### Data for review
# # # #

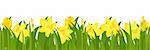 Border From Narcissuses And Yellow Tulips, Isolated On White Background, Vector Illustration
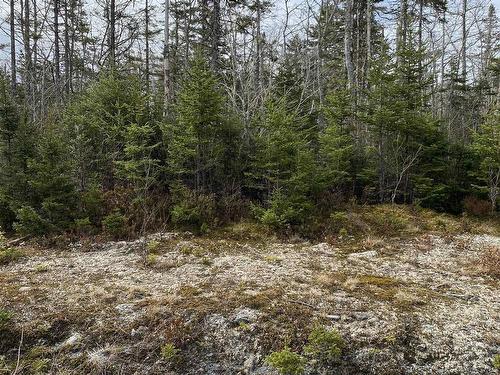 Lot 109 337 Toni Drive, Boutiliers Point, NS 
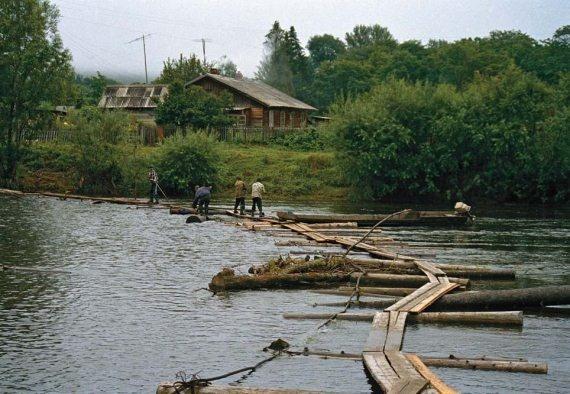 Полосатая кошка, пятнистая кошка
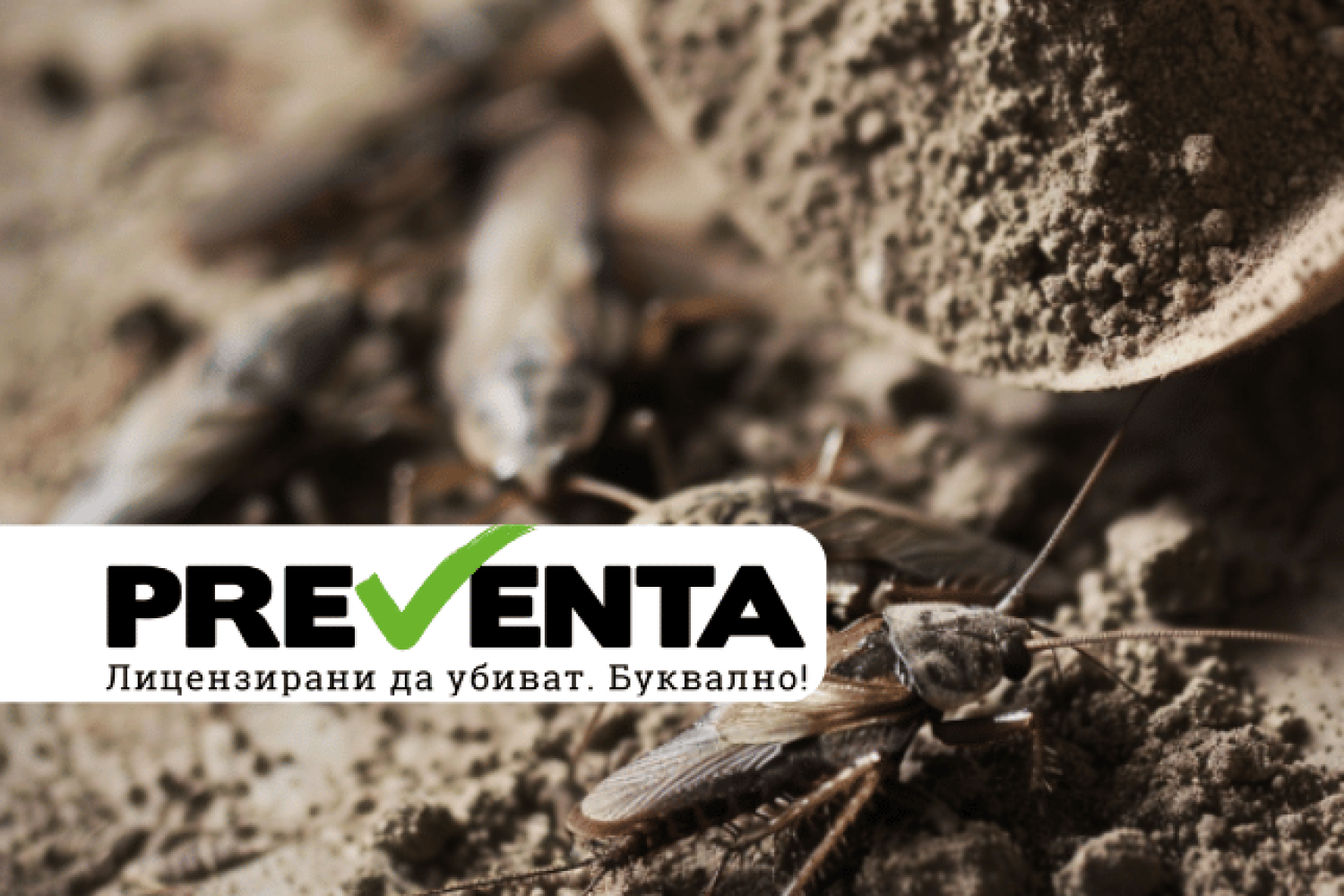 Хлебарките, лунният прах и изкуството на адаптацията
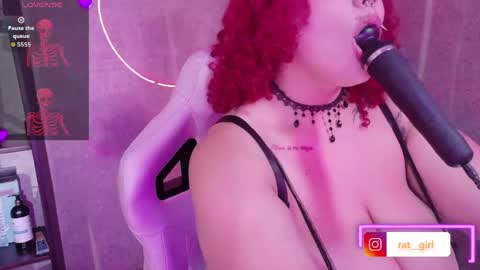 iriisfeitan online show from May 4, 2026, 3:35 am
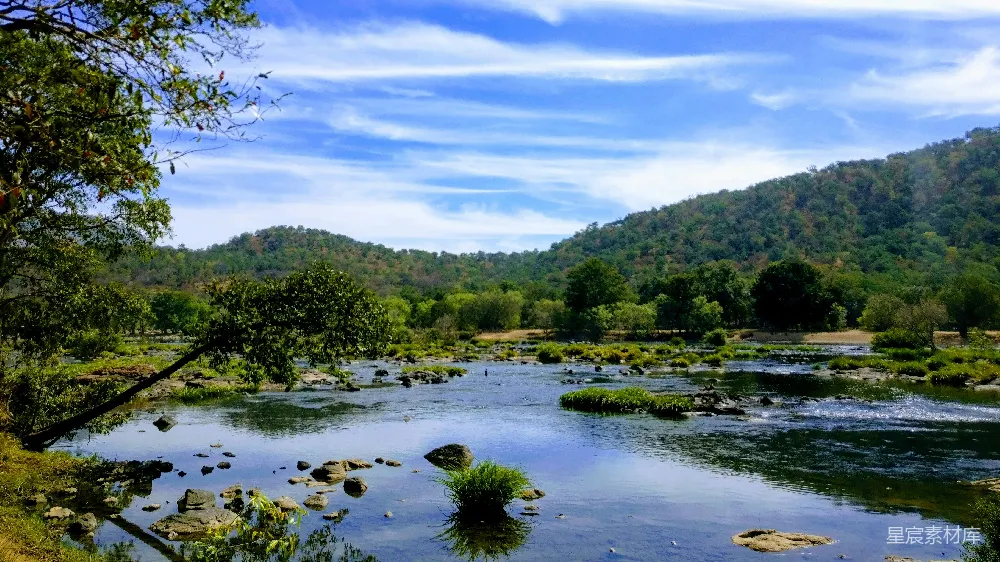 高清摄影 河边有树木和山丘在背景中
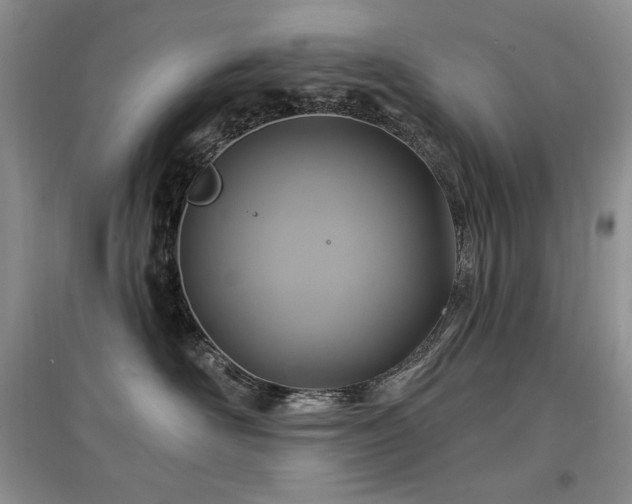 X0000097830526200803141148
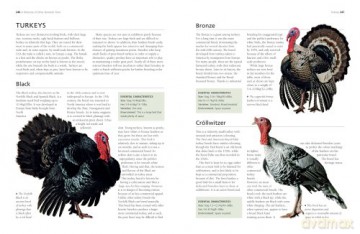 Keeping Chickens A Complete Practical Gu - Fred Hams [KSIĄŻKA]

# # # #

### Goal of the exercise
Exactly the lines from the one with "Lot 109 337" through the end of the entries above must be written out, and no pictures may be included.

### Worked solution
 Lot 109 337 Toni Drive, Boutiliers Point, NS 
 Полосатая кошка, пятнистая кошка
 Хлебарките, лунният прах и изкуството на адаптацията
 iriisfeitan online show from May 4, 2026, 3:35 am
 高清摄影 河边有树木和山丘在背景中
 X0000097830526200803141148
 Keeping Chickens A Complete Practical Gu - Fred Hams [KSIĄŻKA]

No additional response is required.